Indicators to Monitor Progress of National Iodine Deficiency Disorders Control Programme (NIDDCP) and Some Observations on Iodised Salt in West Bengal

  • PMID: 8690501

Indicators to Monitor Progress of National Iodine Deficiency Disorders Control Programme (NIDDCP) and Some Observations on Iodised Salt in West Bengal

S Kumar. Indian J Public Health. .


Iodine Deficiency Disorders (IDD) are widely prevalent in our country and their consequences for human development are well known.
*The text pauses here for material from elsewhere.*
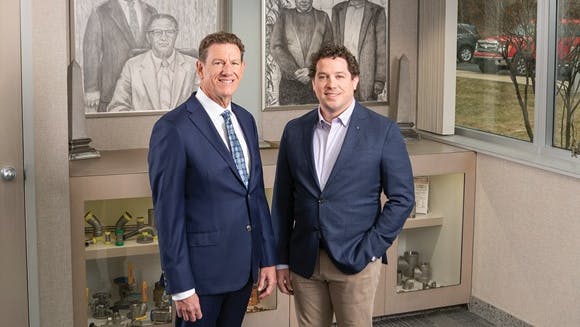 Merit Brass' Alan Lipp (left) and his son, Kevin.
The scope of National Goitre Control Programme (NGCP) launched in 1962 was expanded and the programme was renamed as National Iodine Deficiency Disorders Control Programme (NIDDCP) to connote wider implications of iodine deficiency in population. It is necessary to monitor the progress of NIDDCP using quantifiable indicators to ensure achievement of programme objectives. Prevalence of iodine deficiency disorders, status of iodised salt and level of knowledge. Attitude & practice (KAP) of community regarding IDD and iodised salt are a few such indicators. Children in the age group of 8-10 years are considered most appropriate target group to monitor IDD prevalence. The quality of iodised salt assessed at various levels in West Bengal (using field testing kit) indicated 'satisfactory' iodine content (i.e. > or = 15 ppm) at wholesalers (84.3 per cent), retailers (74.3 per cent) and consumers (71.2 per cent) level. It is suggested that the quality of iodised salt should be periodically assessed and intensive educational campaigns on IDD be launched to create increased demand for consumption of iodised salt in the community.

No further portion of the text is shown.